Melito Adolfsen, P.C., New York, N.Y. (Louis G. Adolfsen and Robert D. Ely of counsel), for appellant Garito Contracting, Inc.

O'Connor, O'Connor, Hintz Deveney, LLP, Melville, N.Y. (Michael T. Reagan of counsel), for respondent.

Before: Spolzino, J.P., Florio, Miller and Dickerson, JJ.


Ordered that the order is affirmed insofar as appealed from, with one bill of costs.

Contrary to the appellants' contentions, the Supreme Court did not err in entertaining the respondent's motion for summary judgment even though it was made more than 120 days after the filing of the note of issue ( see CPLR 3212 [a]). While CPLR 3212 (a) requires that a motion for summary judgment be made no later than 120 days after the filing of the note of issue, there is an exception for motions made with leave of court on good cause shown ( see Miceli v State Farm Mut. Auto. Ins. Co., 3 NY3d 725; Brill v City of New York, 2 NY3d 648). Here, such good cause was shown. The respondent based its motion for summary judgment, dated August 15, 2006, upon a decision and order of this Court dated June 13, 2006, in a prior appeal in this matter ( 30 AD3d 450) reversing, inter alia, an order denying its cross motion for summary judgment dismissing the complaint against it and granting that cross motion. Under these circumstances, the Supreme Court providently exercised its discretion in finding that good cause existed to entertain the late motion for summary judgment ( see Trump Vil. Section 3 v New York State Hous. Fin. Agency, 307 AD2d 891).

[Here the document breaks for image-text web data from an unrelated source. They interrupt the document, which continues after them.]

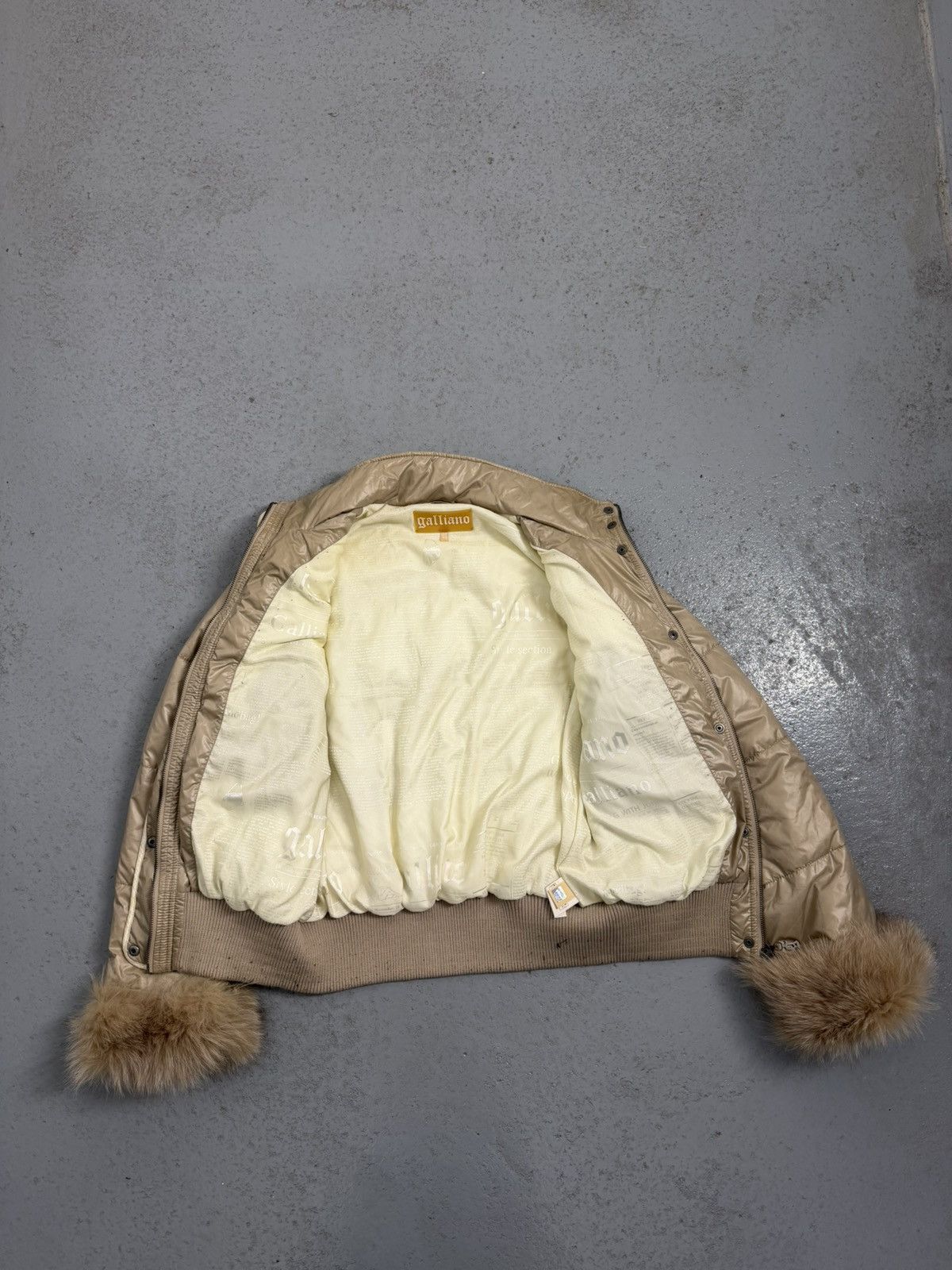 John Galliano Vintage 00s John Galliano Pirate Face Fox Fur Bomber Size XL / US 12-14 / IT 48-50 - 15 Thumbnail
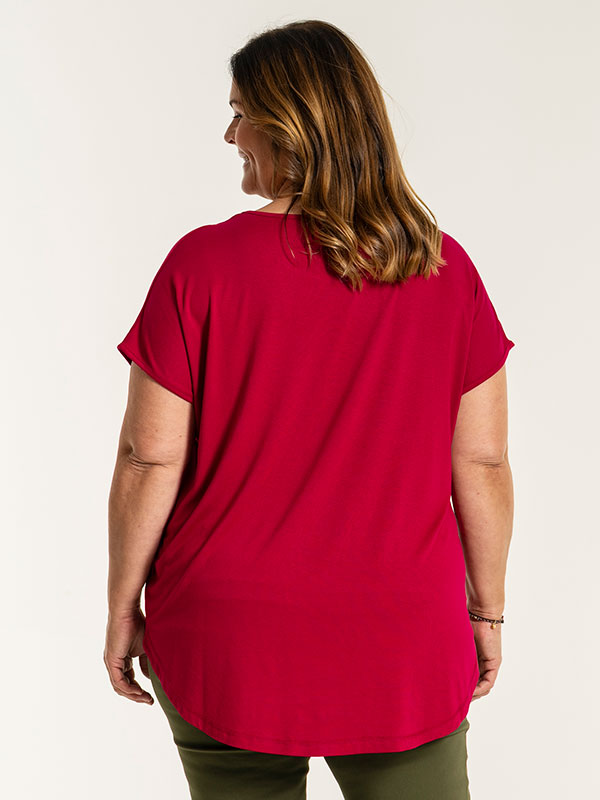 GITTE - Plus Size T-shirt fra Gozzip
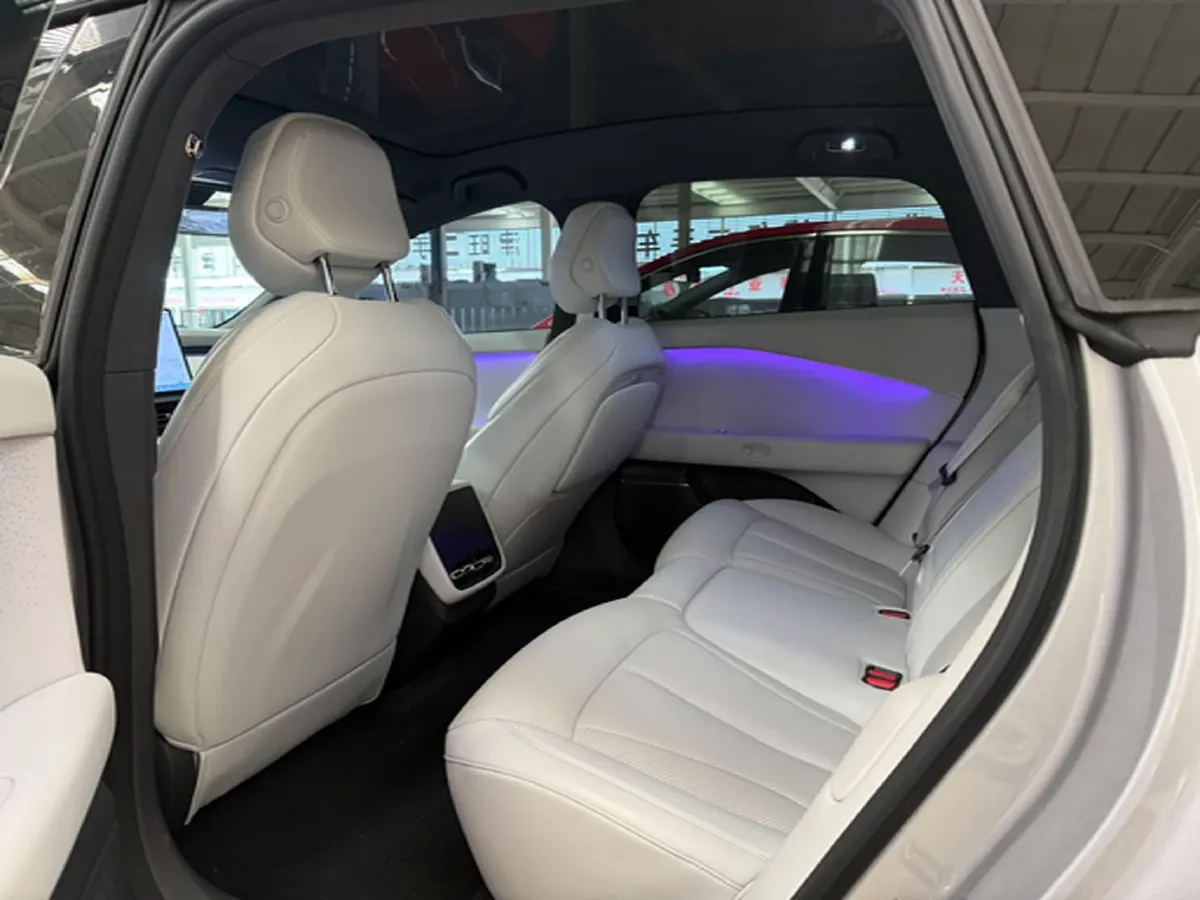 2024 Xpeng P7+ BEV 60.7KWH,autocango,china used car exporter,china ev exporter,chinese used car exporter,chinese used ev exporter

On the merits, the Supreme Court did not err in granting the respondent's motion for summary judgment dismissing all cross claims for contribution and indemnification asserted against it ( see generally Alvarez v Prospect Hosp., 68 NY2d 320, 324). In response to the respondent's establishment of its prima facie entitlement to judgment as a matter of law ( see Raquet v Braun, 90 NY2d 177, 182-183; see also Singh v Black Diamonds LLC, 24 AD3d 138, 140), the appellants failed to raise a triable issue of fact ( see generally Alvarez v Prospect Hosp., 68 NY2d 320, 324).


Summaries of

Armentano v. Broadway Mall

Appellate Division of the Supreme Court of New York, Second Department
Feb 13, 2008
48 A.D.3d 493 (N.Y. App. Div. 2008)
Case details for

Armentano v. Broadway Mall

Case Details

Full title:JOHN ARMENTANO et al., Plaintiffs, v. BROADWAY MALL PROPERTIES, INC., et…

Court:Appellate Division of the Supreme Court of New York, Second Department

Date published: Feb 13, 2008

Citations

48 A.D.3d 493 (N.Y. App. Div. 2008)
2008 N.Y. Slip Op. 1283
852 N.Y.S.2d 266

Citing Cases

Vatier v. Cellhut.com Inc.

However, by plaintiff's own admission, this motion is untimely. Although a motion for summary judgment is…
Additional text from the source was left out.